Figure 4. Effect of soil nitrogen levels on perennial vine growth over the year. Kudzu (Pueraria montana) vines were planted in native soil left fallow for 3 years (green line), fallow soil amended with nitrogen-containing fertilizer (two orange lines), or soil depleted of nitrogen by a cabbage crop the previous season (yellow line). Vines were allowed to establish for one year. New growth was measured starting with the emerging green shoots in January. In subsequent months, new growth was measured from the terminal pair of leaves on the previous month’s growth to the terminal leaves of the vine currently. Values are the means from n=25 separate vines. First panel. Average growth graphed without standard errors. Second panel. Average growth graphed with standard errors (± 1 s.d.)

15.1.3 X-Y or Scatter Plot/Graph

At first a scatter or X-Y plot looks similar to a line graph, but they are very different. A scatter plot shows the relationship between many different pairs of numerical variables. Each pair of observations is plotted as one point on a grid. The pattern of plotted points tells us about the relationship between the two variables.

Scatter plots are a good choice for estimating the relationship or correlation between the variables. We also can add a regression line to a scatter plot and create a mathematical model of the relationship between the two variables.

A A

B B

Figure 5. Inverse relationship between reproductive potential (% r) and size of shell chamber (in mm) of Gastropods. Values shown are for n=60 independently sampled animals. Panel A. Data distribution. Panel B. Distribution with linear regression prediction line.

15.1.4 Box-and-Whisker Plots

This is a very good way to summarize a lot of data points. These plots provide readers with more information about the underlying raw data, without actually showing the numbers. It also is a good choice if we want to combine numerical data with categories, and compare the distribution of data in each of the different categories.

Figure 6. An example of a box-and-whisker plot.

To draw the plot, all of the data points collected for one treatment group are sorted from lowest to highest value. A box is drawn that contains the middle 50% of the data. Near the middle of the box is a line indicating the median value, and often a second symbol (a dot or star usually) to show the arithmetic mean of the data in the category. “Whiskers” around the box show the range of the remaining data points.

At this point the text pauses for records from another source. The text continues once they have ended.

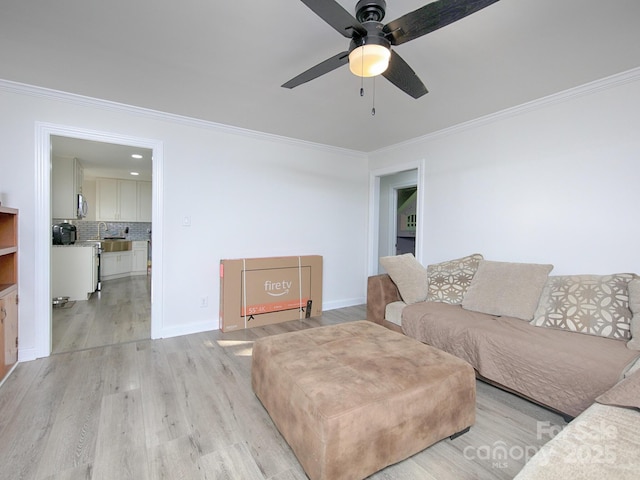 living room featuring ornamental molding, light hardwood / wood-style floors, and ceiling fan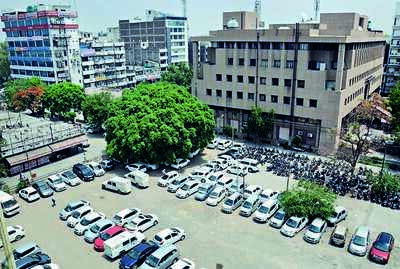 Move to allot 4 parking sites to contractor raises questions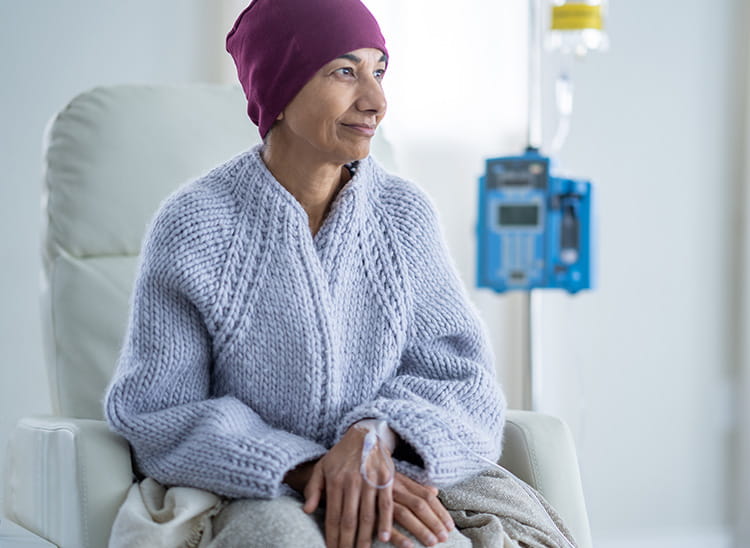 patient sitting in a chair receiving chemotherapy treatment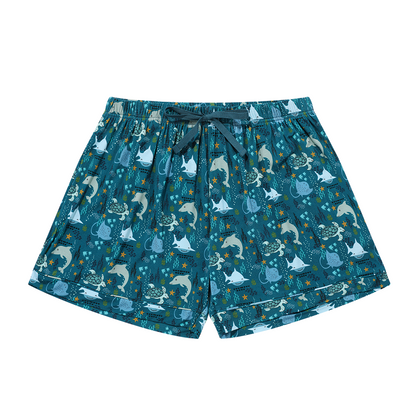 the "ocean friends" women's shorts. the "ocean friends" print is a combination of dolphins, stingrays, fish, starfish, coral, bubbles, and sharks, all spread out on a deep sea blue background. 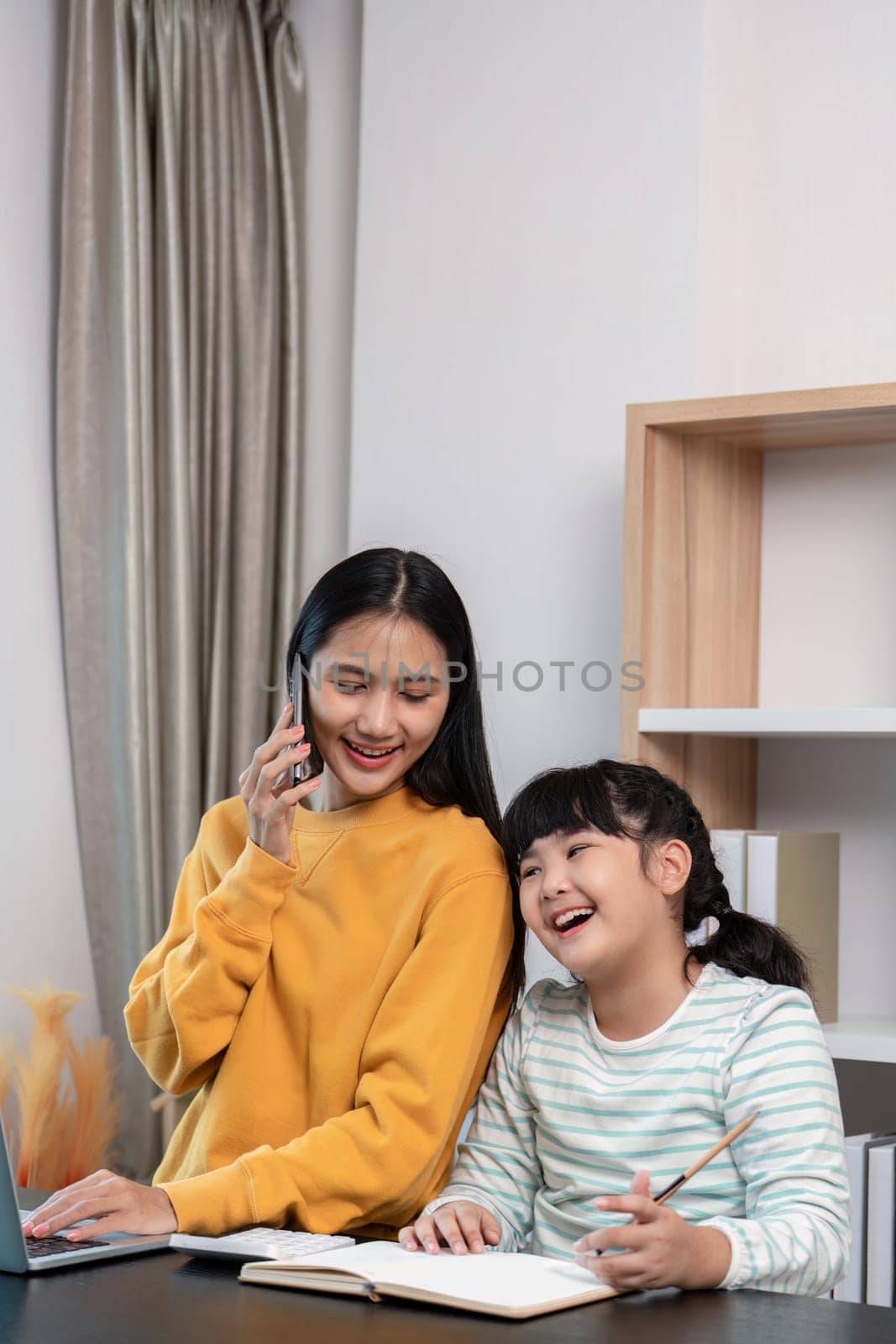 A joyful mother and daughter bonding at home, sharing a moment of laughter and happiness while working on a project together.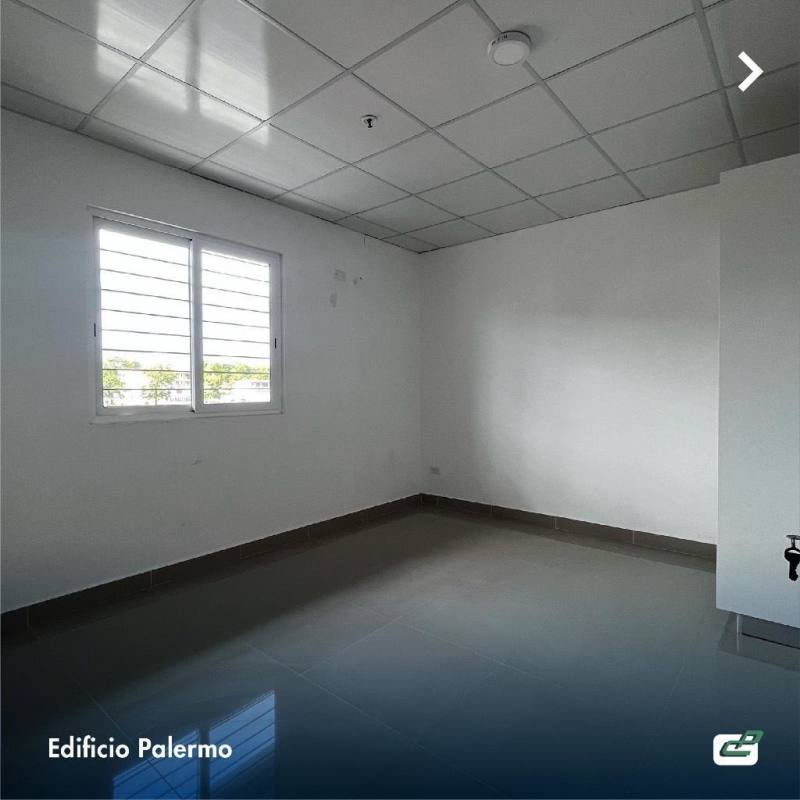 Interior hallway with black doors, white walls, ceramic floor tiles in Edificio Palermo El Ingenio Panama City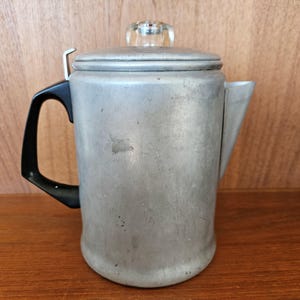 May include: A vintage aluminium coffee pot with a black handle and a clear glass knob on the lid. The pot has a spout for pouring and is on a wooden surface. A classic kitchenware item.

Figure 7. Map of the data distribution for an idealized box-and-whisker plot element. The top panel shows one box plot element turned on its side.

  • The box shows the data range that contains 50% of all measurements. The difference between the top and bottom value in the box is the IQR (inter-quartile range).
  • If we add whiskers to the box that are 1.5x the IQR, ~99% of all observed data points should be inside that range. Data points outside the whiskers are classified as outliers.
  • Ideally the line representing the median value should be right in the middle of the boxed range. If it is not, then we know that the data are skewed (not smoothly distributed.)
  • The data also may be skewed if the median line is not located close to the arithmetic mean for the category.

Despite their utility, MS Excel cannot creat box-and-whisker plots, so they are not as widely used as the other graph formats. To make box-and-whisker plots you will need more advanced (but still free) software like RStudio.